Power theft represents a safety and quality-of-service issue as well as an economic issue. Jury-rigging power taps is dangerous and often results in injury and even death. Additionally, the jury-rigged taps represent a fire hazard. Most significantly, the resultant unpredictable loading of the distribution grid can cause transformer fires and explosions that can result not only in dangerous situations but in major power outages.

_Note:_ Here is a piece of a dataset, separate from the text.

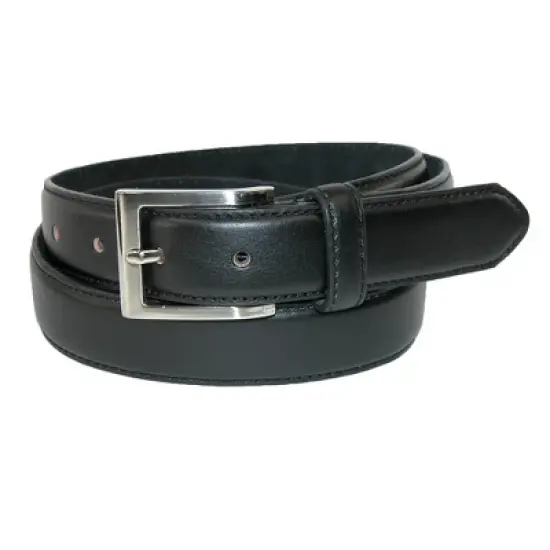 CTM Men's Big & Tall Leather Basic Dress Belt with Silver Buckle image {2}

Prior art methods for detecting power theft can be divided into three categories. One category involves comparing voltage and current at a meter with voltage and current at a point of origin for delivery, such as the service distribution transformer for a neighborhood. The technical losses due to the resistance of the low voltage line between the point of origin and each meter are presumed to be less than a predetermined amount, so that any difference in power loss above the predetermined amount can be presumed to be due either to theft or to line defects. United States Patent Application Publication No. 2012/0265355, titled System and Method for Single and Multizonal Optimization of Utility Services Delivery and Utilization (incorporated herein by reference) describes a system of this sort, wherein intelligent software agents at the service transformer collect measurements both at the transformer and from other instruments located at or incorporated in the electric meters. Theft detection is cited as one of the applications of this system. However, systems involving placing agents and instruments at the transformer are less desirable than would be a system that did not require any devices at the transformer, because transformers are far less physically accessible than meter sockets, and modifying them by adding instrumentation inside the transformer housing or on the high-voltage side of the transformer can be costly and even dangerous.
A second category involves measuring current and voltage outside the meter of a metered load, and inside the premises of the metered load. If more power is being used on the premises than is being delivered via the meter, then either power is being locally generated on the premises, or the meter is being bypassed. Methods of this sort are problematic for utilities because a service utility typically does not have access to data from inside the metered load. The consumer would have to agree to the placement of devices inside the premises.
A third category involves detecting the instantaneous changes in power usage or minor outages caused by tampering with the distribution lines in order to install an unmetered tap. This category of mechanism falls short because tampering can be masked by larger events such as a legitimate outage or interruption in service, and because it would create many false positives.